● WHAT THE TASK REQUIRES
Look through the records below for the line with "806 28th Ave SW, Willmar, MN 56201 - Photo 1" and the line with "Hel ferieleilighet, Alvista", then return those lines and all lines between, exactly.

● WORKING DATA
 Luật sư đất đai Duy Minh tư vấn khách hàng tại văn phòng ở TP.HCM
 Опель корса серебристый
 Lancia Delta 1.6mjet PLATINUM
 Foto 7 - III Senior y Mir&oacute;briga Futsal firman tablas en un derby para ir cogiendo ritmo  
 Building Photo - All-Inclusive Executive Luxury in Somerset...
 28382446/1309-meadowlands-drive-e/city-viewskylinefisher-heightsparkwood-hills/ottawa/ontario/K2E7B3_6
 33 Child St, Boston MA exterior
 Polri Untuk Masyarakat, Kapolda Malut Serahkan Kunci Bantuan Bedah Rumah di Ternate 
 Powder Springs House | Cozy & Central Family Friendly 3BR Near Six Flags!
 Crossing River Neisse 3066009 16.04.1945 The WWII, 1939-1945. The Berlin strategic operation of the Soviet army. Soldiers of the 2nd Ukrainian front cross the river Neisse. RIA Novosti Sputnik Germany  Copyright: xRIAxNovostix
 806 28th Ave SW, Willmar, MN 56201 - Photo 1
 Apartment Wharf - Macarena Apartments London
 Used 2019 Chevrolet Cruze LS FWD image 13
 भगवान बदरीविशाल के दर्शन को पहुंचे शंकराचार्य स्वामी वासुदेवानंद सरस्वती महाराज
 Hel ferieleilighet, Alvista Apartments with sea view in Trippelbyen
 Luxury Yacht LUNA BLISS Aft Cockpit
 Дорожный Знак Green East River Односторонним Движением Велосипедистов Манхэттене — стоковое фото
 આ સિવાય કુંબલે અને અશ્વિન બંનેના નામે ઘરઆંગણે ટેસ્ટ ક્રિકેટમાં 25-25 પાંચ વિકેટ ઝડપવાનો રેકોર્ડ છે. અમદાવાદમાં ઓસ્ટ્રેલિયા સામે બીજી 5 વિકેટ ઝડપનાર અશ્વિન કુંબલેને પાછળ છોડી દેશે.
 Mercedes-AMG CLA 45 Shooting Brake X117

● ANSWER SECTION
 806 28th Ave SW, Willmar, MN 56201 - Photo 1
 Apartment Wharf - Macarena Apartments London
 Used 2019 Chevrolet Cruze LS FWD image 13
 भगवान बदरीविशाल के दर्शन को पहुंचे शंकराचार्य स्वामी वासुदेवानंद सरस्वती महाराज
 Hel ferieleilighet, Alvista Apartments with sea view in Trippelbyen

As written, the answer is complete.